- _Data excerpts_
-----

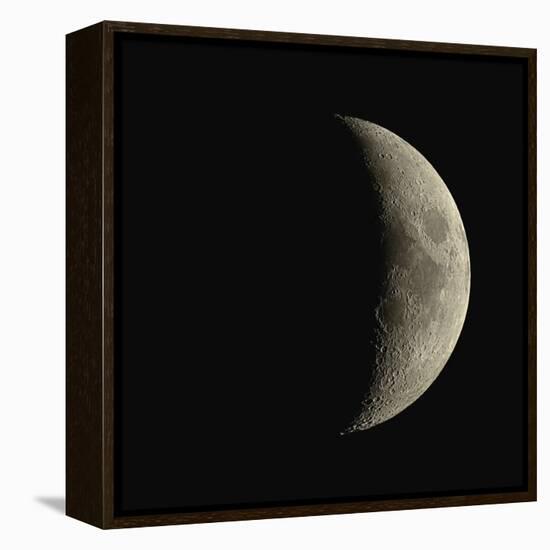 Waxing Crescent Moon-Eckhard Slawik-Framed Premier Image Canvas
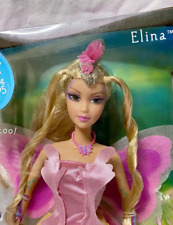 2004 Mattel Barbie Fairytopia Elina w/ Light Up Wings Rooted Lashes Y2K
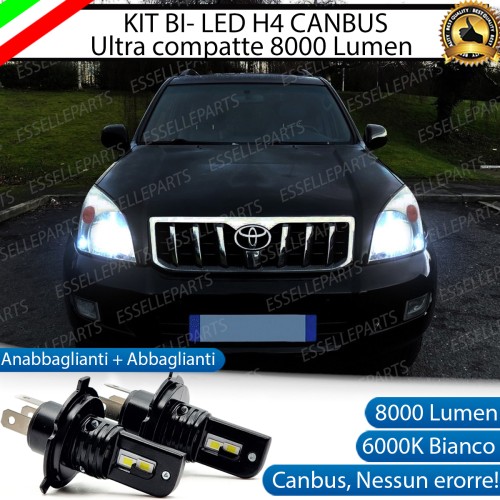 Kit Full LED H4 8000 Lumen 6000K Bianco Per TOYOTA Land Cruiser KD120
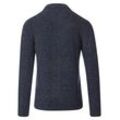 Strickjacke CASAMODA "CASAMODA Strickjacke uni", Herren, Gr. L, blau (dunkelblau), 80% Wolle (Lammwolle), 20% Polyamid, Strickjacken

-----

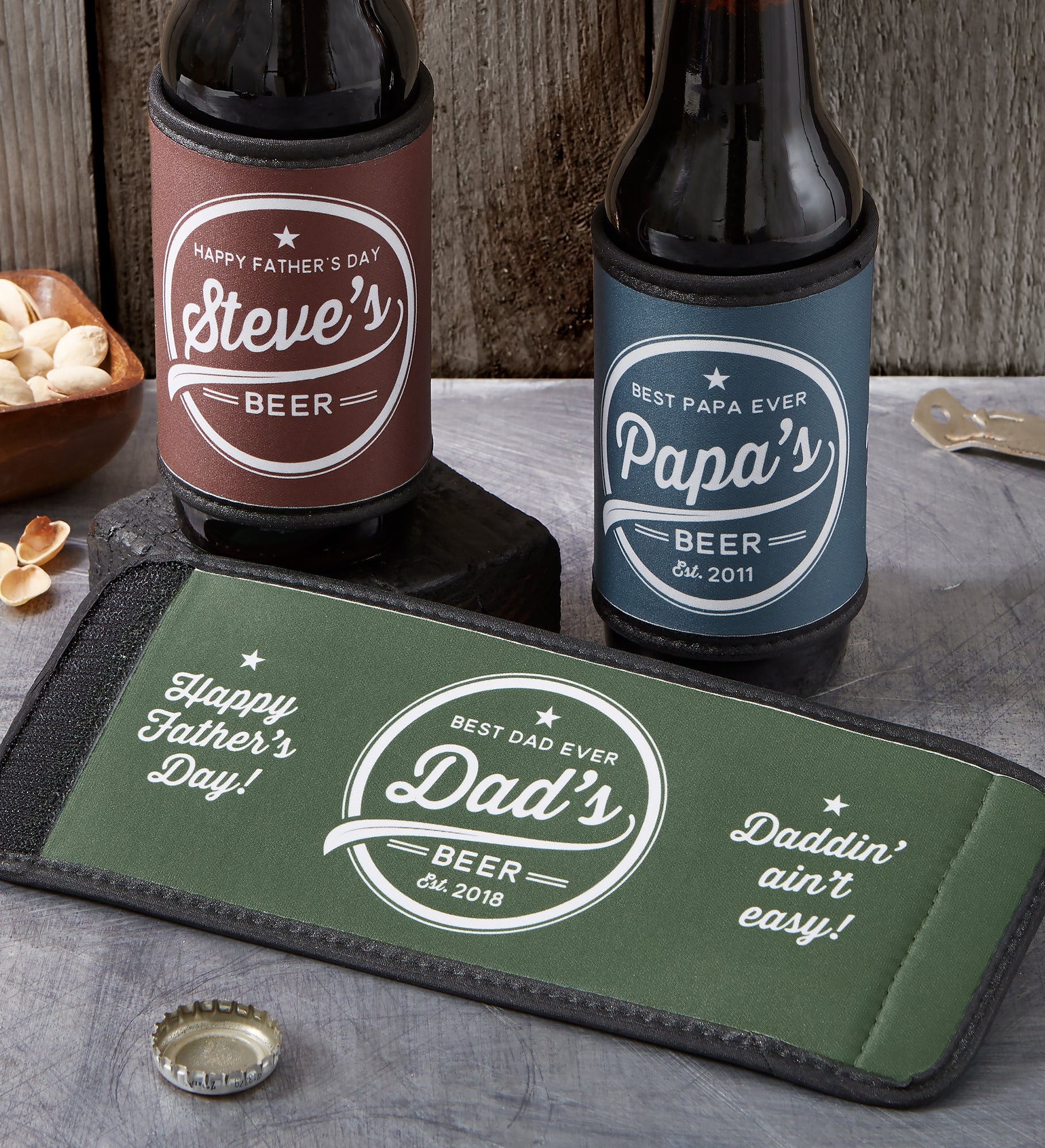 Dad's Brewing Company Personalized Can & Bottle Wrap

-----

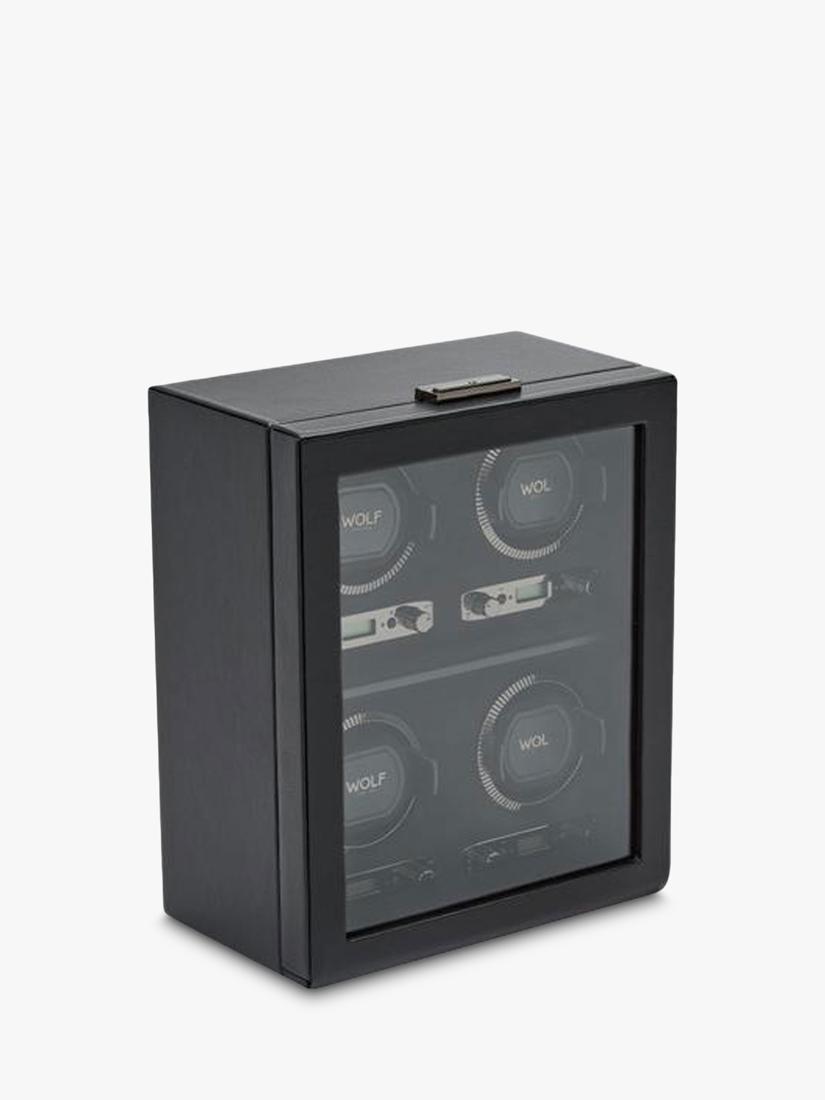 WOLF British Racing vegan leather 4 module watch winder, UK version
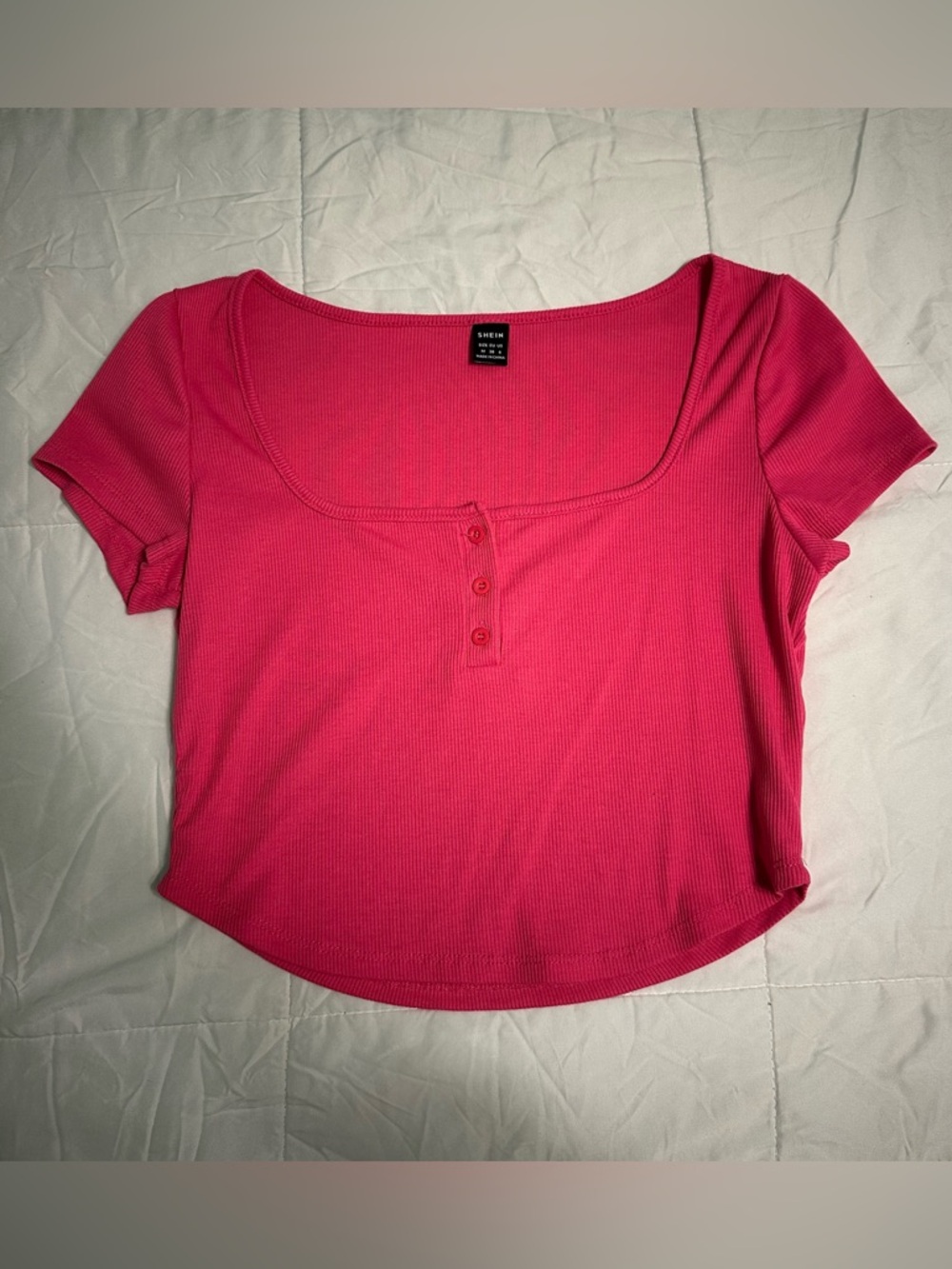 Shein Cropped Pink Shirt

-----

- _Task objective_
Extract from the material above the stretch running from the line containing "Waxing Crescent Moon-Eckhard" through the line containing "20% Polyamid, Strickjacken". Keep the text exact and the pictures out.

- _Response_
 Waxing Crescent Moon-Eckhard Slawik-Framed Premier Image Canvas
 2004 Mattel Barbie Fairytopia Elina w/ Light Up Wings Rooted Lashes Y2K
 Kit Full LED H4 8000 Lumen 6000K Bianco Per TOYOTA Land Cruiser KD120
 Strickjacke CASAMODA "CASAMODA Strickjacke uni", Herren, Gr. L, blau (dunkelblau), 80% Wolle (Lammwolle), 20% Polyamid, Strickjacken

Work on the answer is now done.